ADMINISTRATOR:  The book is written so that a lay person could use it as a self-help book. Historically, I know of many speech-language pathologists who have used the techniques and the materials in their therapy sessions.

 

MAJOR COMPONENTS:

 

  • Fairbanks (1960, Ch 11, Pitch Level) defines several terms (e.g., pitch level, group pitch level, natural level, habitual level, highest pitch, expected pitch levels for young men and women) used in this section of the chapter. Fairbanks also provides directions for identifying natural pitch level and habitual level. This part of Chapter 11 also provides the script for the extended version of the iconic “Rainbow Passage.”

 

  • TheClinician (C) and the Participant/Patient (P) compares P’s habitual and natural pitch levels. If they differ, the focus of treatment should be the natural pitch.

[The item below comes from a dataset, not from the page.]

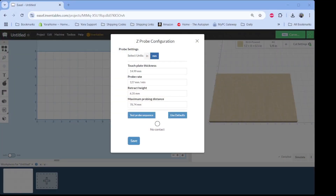Once we are back in Easel, by default you may be on inches or millimeters. I'm working in millimeters, so that's what I'm choosing. This value right here — the touch plate thickness — is the critical measurement that comes into play. By default, Easel enters a value of 14.99 millimeters.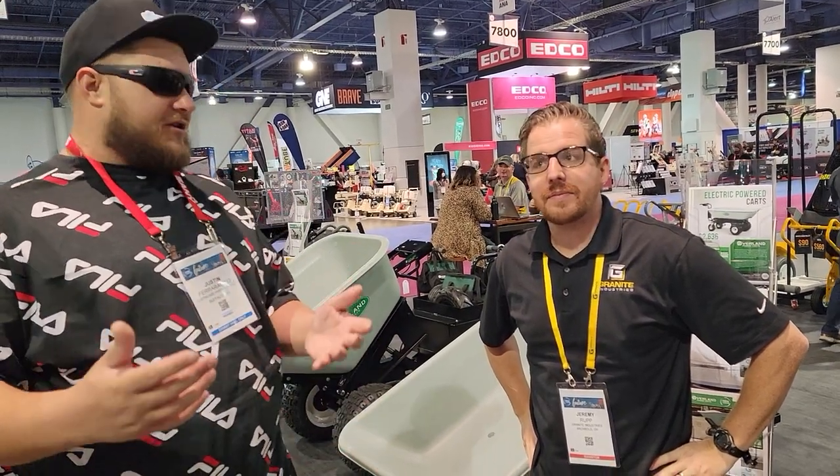What's up, YouTube? My name's Justin from Party Rental Knowledge. I'm here at the ARA show with Granite Industries and Jeremy.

–  P hums using the natural pitch then chants lines from “The Rainbow Passage” gradually adding pitch inflections.

–  P and C monitor vocalizations for improved variability, loudness, and voice quality thus identifying the ‘best’ pitch level.

 

  • P and C verify the best (or natural) pitch level by

–  singing sustained vowels multiple (10 -12) times and

–  P varies the duration and the loudness of the vowels.

 

  • P practices producing the best pitch level on cue.

 

  • P chants words from a word list (Fairbanks, 1960, Chapter 11, p. 128, #8) using the best pitch level.

 

  • P chants sentence from a sentence list (Fairbanks, 1960, Chapter 11, p. 128, #9) using the best pitch level.

 

  • P speaks words from the word list (Fairbanks, 1960, Chapter 11, p. 128, #8) using the best pitch level adding a downward pitch inflection.

 

  • P chants sentence from the sentence list (Fairbanks, 1960, Chapter 11, p. 128, #9) with the dominant pitch level being the ‘best’ pitch. P also included natural variability in the production of the sentences.

 

  • P chant part of “The Rainbow Passage.”

–  P chants the passage until reaching the portion of the script marked by vertical lines (||) found on p. 127, paragraph 2, line 4.)

– At this point, P continues to chant but increases variability until reaching the second set of vertical lines found on p. 127, paragraph 2, line 17.)

–  P continues to chant but reduces variability to mainly produce the ‘best’ level.

–  P and C monitor the P’s performance.

 

  • P reads aloud the “Amplified Passage” (Fairbanks, 1960, Chapter 10, p. 114) using a rate of 160 – 170 words per minute (WPM) and the ‘best’ pitch level.

 

  • Fairbanks (1960, Chapter 11, #14) provides a set of 3 sentences for P to read aloud multiple times. Each time P reads the sentences, a different emotion should be expressed using pitch level and rate changes.

–  anger and fear should be produced with a high pitch level

– contempt, grief, and indifference should be produced with a low pitch level

–  HINT:  The two sets of emotions should be separated by at least 2 octaves.